As Dolly closed with an amen she felt something as strong as a voice, but not a voice. Dolly says she sang with a strength of conviction, from that moment on, that is still with her today. It is a blessing that never expired.

She’d found God in that space, and in that prayer.

Afterward Dolly headed home, past the town sawmill, and ran into her uncle, who saw her skipping excitedly. He asked, where are you going this fine day? She replied joyfully, I’m on the road to paradise.

And she was.

Dolly, who came from nothing, has been blessed as a songwriter, singer, actress, and business owner. Much of what she has been about has gone very, very well. And surprisingly, perhaps, at least for a cultural icon, she has been blessed with love. Dolly has been married to the same man for 55 years.

At this point, reflecting on our reading today we might wonder, now what?

Dolly, it’s safe to say, is doing just fine, thank-you-very-much. And if that’s the case it’s fair to ask: where is her good news? Doesn’t she get to have that too?

At some point in life, as is the case with many of us, her life reached a turning point. It pivoted –

From needing blessing to
The chance to
Be the blessing.

Blessing Others
To that end Dolly has blessed others with her literacy program, the Imagination Library. Almost 850,000 children from birth to kindergarten receive a book from her each month. A few years ago the Library of Congress honored her after the Imagination Library sent out it’s 100 millionth book.

She has blessed tens of millions during pandemic. In March of 2020 Dolly donated $1 million to the Vanderbilt Medical Center to fund the critical early stages of vaccine R&D. These efforts led to the creation of the Moderna vaccine. If you’ve got a shot of Moderna in your arm – I do – you can thank Dolly for being part the team responsible for getting it there.

To celebrate this life-giving shot Dolly spoofed her song Jolene with a tune that goes something like this…

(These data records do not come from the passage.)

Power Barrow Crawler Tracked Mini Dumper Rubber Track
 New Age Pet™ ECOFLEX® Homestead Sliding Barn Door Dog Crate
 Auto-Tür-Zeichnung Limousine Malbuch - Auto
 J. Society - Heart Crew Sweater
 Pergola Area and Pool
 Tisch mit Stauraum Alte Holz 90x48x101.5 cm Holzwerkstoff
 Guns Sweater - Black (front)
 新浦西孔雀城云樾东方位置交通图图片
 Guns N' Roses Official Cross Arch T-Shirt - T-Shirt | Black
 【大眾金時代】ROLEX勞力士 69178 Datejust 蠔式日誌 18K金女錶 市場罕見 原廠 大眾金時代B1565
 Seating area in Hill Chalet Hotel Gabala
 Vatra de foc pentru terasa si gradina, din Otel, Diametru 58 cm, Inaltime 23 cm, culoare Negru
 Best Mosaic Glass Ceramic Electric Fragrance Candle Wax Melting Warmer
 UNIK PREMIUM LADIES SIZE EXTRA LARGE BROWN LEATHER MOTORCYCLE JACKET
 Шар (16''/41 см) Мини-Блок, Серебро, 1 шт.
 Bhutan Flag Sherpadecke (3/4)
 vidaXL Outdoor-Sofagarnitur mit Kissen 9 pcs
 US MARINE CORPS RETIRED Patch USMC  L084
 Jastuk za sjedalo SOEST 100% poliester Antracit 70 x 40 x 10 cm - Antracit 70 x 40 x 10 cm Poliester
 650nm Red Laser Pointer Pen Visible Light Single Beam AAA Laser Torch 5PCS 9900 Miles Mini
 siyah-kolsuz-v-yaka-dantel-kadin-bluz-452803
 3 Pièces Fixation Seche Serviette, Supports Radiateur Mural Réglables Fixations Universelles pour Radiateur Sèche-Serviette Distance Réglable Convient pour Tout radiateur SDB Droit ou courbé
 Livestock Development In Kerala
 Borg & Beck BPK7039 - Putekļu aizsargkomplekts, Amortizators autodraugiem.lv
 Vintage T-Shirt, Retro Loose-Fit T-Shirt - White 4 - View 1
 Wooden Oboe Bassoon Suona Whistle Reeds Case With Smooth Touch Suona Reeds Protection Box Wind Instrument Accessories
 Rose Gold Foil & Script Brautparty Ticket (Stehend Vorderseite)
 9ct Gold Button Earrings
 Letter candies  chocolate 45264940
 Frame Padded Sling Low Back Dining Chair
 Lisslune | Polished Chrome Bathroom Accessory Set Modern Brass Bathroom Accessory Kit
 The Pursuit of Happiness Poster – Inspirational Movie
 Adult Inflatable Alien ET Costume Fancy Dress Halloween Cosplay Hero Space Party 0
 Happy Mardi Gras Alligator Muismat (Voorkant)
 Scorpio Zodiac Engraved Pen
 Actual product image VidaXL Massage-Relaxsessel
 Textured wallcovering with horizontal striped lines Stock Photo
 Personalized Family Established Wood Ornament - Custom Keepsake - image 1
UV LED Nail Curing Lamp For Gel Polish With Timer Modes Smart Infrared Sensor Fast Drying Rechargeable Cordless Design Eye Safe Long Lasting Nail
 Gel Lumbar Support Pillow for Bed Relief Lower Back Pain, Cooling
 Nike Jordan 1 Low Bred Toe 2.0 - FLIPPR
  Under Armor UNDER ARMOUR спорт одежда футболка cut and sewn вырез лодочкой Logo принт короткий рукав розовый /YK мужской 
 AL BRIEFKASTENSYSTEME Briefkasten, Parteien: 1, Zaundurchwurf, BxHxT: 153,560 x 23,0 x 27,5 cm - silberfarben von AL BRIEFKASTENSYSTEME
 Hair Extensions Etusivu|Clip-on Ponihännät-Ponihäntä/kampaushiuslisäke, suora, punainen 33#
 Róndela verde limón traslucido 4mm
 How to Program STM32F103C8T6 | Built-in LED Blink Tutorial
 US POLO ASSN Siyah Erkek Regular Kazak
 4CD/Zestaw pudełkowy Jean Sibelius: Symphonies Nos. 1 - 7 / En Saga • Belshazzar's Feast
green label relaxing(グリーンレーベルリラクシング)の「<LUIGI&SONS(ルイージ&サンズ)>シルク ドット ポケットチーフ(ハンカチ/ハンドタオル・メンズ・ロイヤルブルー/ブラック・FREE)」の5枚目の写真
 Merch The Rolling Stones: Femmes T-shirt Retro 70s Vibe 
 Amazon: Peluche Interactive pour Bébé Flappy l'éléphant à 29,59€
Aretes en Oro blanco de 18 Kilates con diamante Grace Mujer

Vaccine, vaccine, vaccine, vaccine…
I’m begging of you please don’t hesitate
Vaccine, vaccine, vaccine, vaccine…

And then there’s this.

Just four days ago came news of how Dolly plans to bless her employees. The parent company of Dollywood, the amusement park chain she owns, announced they will pay 100% of the cost for their staff to go to college. The program includes 11,000 people, covers tuition, fees and books. You qualify the first day on the job.

Close
Today’s text is truly good news if you are in need of a blessing. Tho if you’re doing just fine, thank-you-very-much it hits a bit differently. Many theologians conclude the shock we the audience may feel hearing this text is by design. It is a deliberate inversion of our default values, highlighting what this kingdom Jesus came to bring about is to be.

For we who are doing just fine, thank-you-very-much it presents nothing less than opportunity. Let me encourage you, fellow child of God –

Take the chance to be like Dolly, just a bit, in this way. And you don’t need to be a multi-millionaire to start. Take your blessings and use them to bless others. For when you do you help bring –

thy kingdom come,
thy will be done.
On earth, as it is, in heaven.  Amen.